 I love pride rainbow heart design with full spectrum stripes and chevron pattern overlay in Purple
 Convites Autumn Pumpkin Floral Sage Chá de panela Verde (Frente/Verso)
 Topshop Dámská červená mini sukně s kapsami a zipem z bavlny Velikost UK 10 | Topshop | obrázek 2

---

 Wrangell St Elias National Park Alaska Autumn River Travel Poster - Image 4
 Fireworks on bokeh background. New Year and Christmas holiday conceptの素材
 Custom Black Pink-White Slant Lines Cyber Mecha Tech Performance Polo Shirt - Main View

==

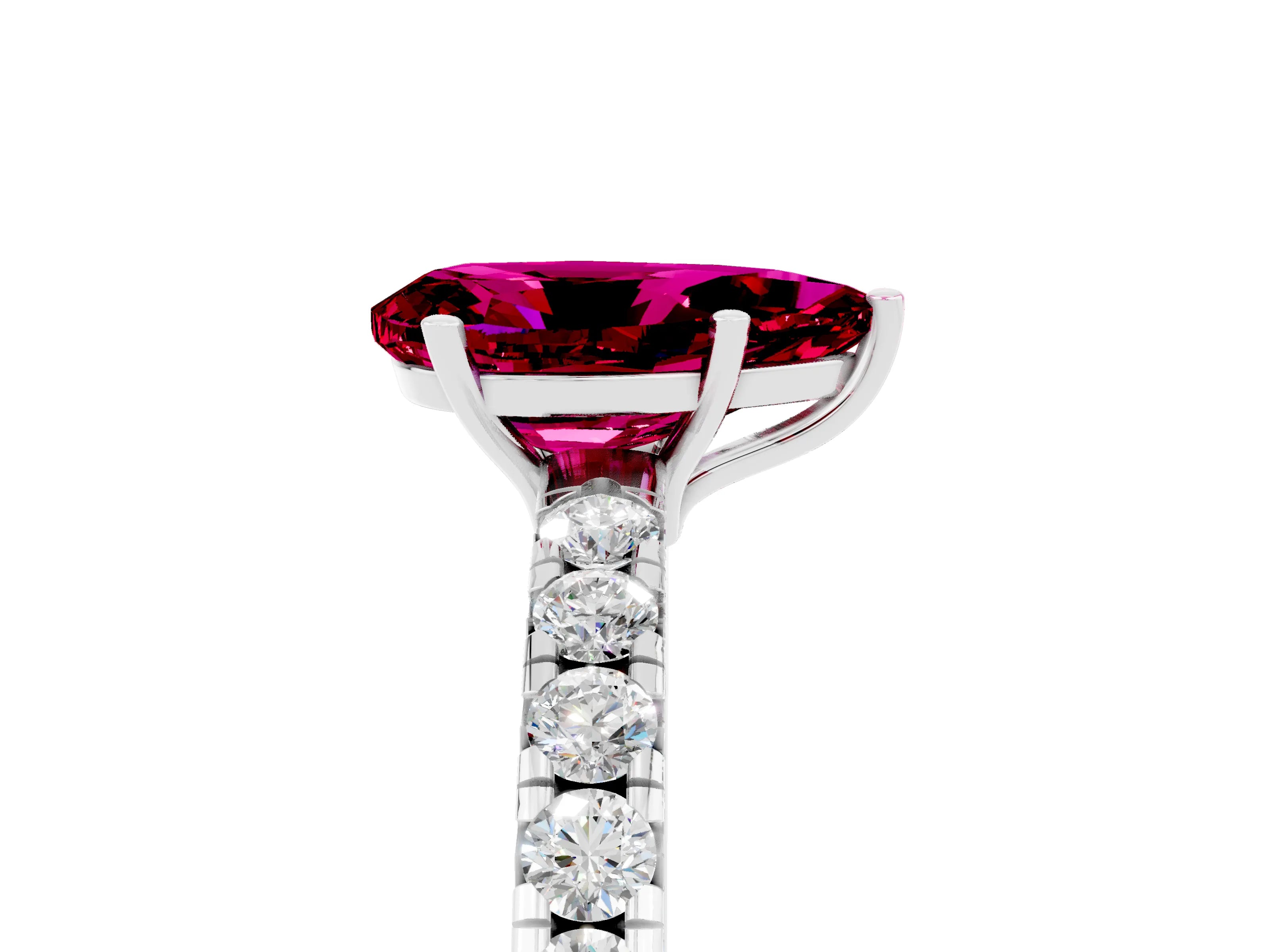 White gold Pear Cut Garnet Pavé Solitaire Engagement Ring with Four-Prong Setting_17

■ Task prompt ■
Find and copy each line in the material above where the string "Autumn" occurs.

■ Answer box ■
 Convites Autumn Pumpkin Floral Sage Chá de panela Verde (Frente/Verso)
 Wrangell St Elias National Park Alaska Autumn River Travel Poster - Image 4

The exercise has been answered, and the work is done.